The game was originally only available as a cartridge but was later built into many editions of both the Master System and the Master System II power base, enabling play without the use of a game cartridge. From 1990 onwards, a slightly different version was integrated into the US, Australian and European versions of the Master System II and also some Australian and European versions of the original Master System. There were two differences: firstly when changing targets in the game map, Alex is shown eating onigiri in the original version (and the 2008 Wii Virtual Console port), and a hamburger in the integrated version. Secondly, the original version used button 2 to hit and button 1 to jump; these controls were inverted in the integrated version.

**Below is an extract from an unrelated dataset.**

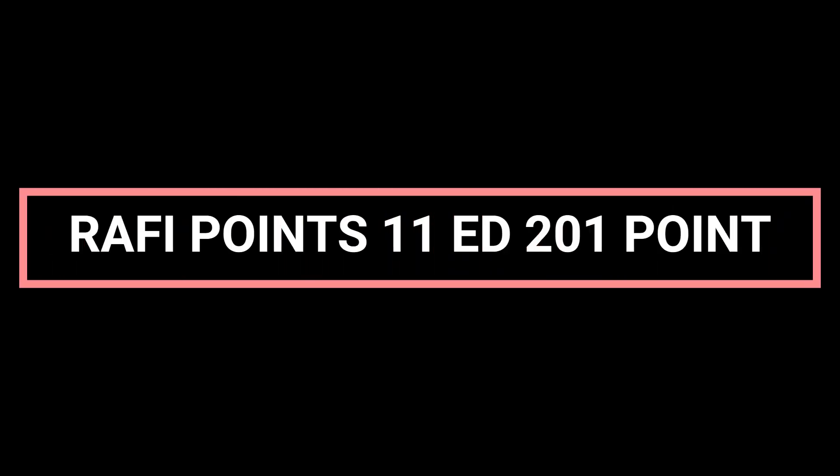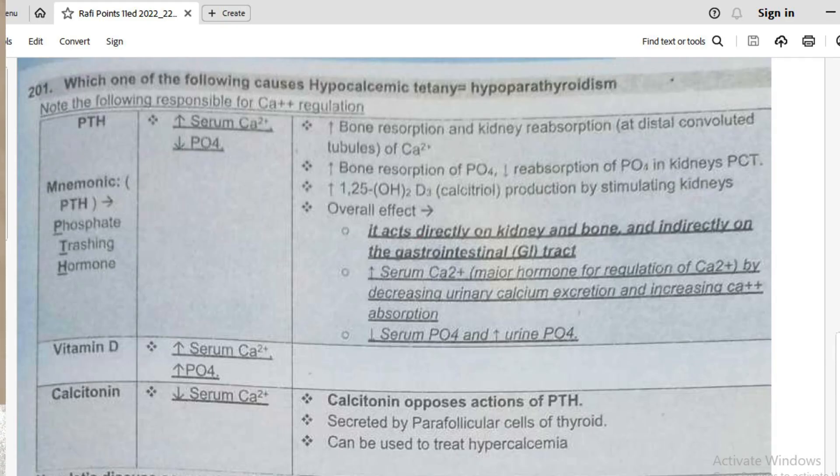This video is a continuation of part 201, and in this video we are going to talk about vitamin D related MCQs. It's important for you to remember that vitamin D helps the parathyroid hormone to indirectly absorb calcium from the GI tract.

The game was released on the Wii via the Virtual Console in 2008. It was also released alongside Super Hang-On and The Revenge of Shinobi as part of Sega Vintage Collection: Alex Kidd and Co., which was released for Xbox Live Arcade and PlayStation Network in May 2012. This version allows play of any region version of the game (the European version retaining a 50 Hz framerate) and the Master System II variation. The original version is included on the AtGames Sega Genesis Flashback HD compilation, a dedicated console with games from the Sega Genesis, Master System, and Game Gear. In 2019, a port developed by M2 was released through the Sega Ages label for the Nintendo Switch.

==Reception==

The game has been critically acclaimed since its release. In 1987, the French magazine Génération 4 gave the game a highly positive score. In 1991, Sega Pro magazine stated that, with "so much to do and so many different ways of doing it, this is one of those games you will keep coming back to even when you have finished it completely." Computer and Video Games magazine in 1991 described the game as "Sega's answer to Mario" and concluded that the "absorbing gameplay will have you glued to your screen for hours on end."

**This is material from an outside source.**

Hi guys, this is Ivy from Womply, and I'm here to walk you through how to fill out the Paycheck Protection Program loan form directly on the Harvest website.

In a 2008 retro review, IGN gave Alex Kidd a score of 9 out of 10 and an "Editor's Choice" award, calling it "an exceptional platformer with loads of action and some great puzzle-solving challenges" that "still holds up remarkably well." IGN also gave the Wii Virtual Console release a score of 9 out of 10.

Aggregate score
| Aggregator | Score |
|---|---|
| GameRankings | 80% |

Review scores
| Publication | Score |
|---|---|
| AllGame | 4/5 |
| Computer and Video Games | 87% |
| Eurogamer | 7/10 |
| GameTrailers | 10/10 |
| Génération 4 | 99% |
| IGN | 9/10 |
| The Games Machine (UK) | 82% |
| Console XS | 90% |
| Game Freaks 365 | 9.5/10 |
| GameHall | 9.3/10 |
| RetroGarden | 4/5 |
| Sega Pro | 95% |
| S: The Sega Magazine | 93% |

==Remake==

A remake of the game, titled Alex Kidd in Miracle World DX, was announced on June 10, 2020, and released on June 22, 2021. The game is developed by Merge Games and Jankenteam for Nintendo Switch, PlayStation 4, PlayStation 5, Windows, Xbox One, and Xbox Series X/S. The remake features new levels, new NPCs, alternate boss fights, and can instantly change between modern or retro-style graphics by using the right trigger button. Once the player completes the game, the player unlocks two additional modes: Classic Mode, which is an upscaled Master System port of the original game, and Boss Rush, where the player must defeat all the bosses at Rock Paper Scissors and follow-up battle without dying.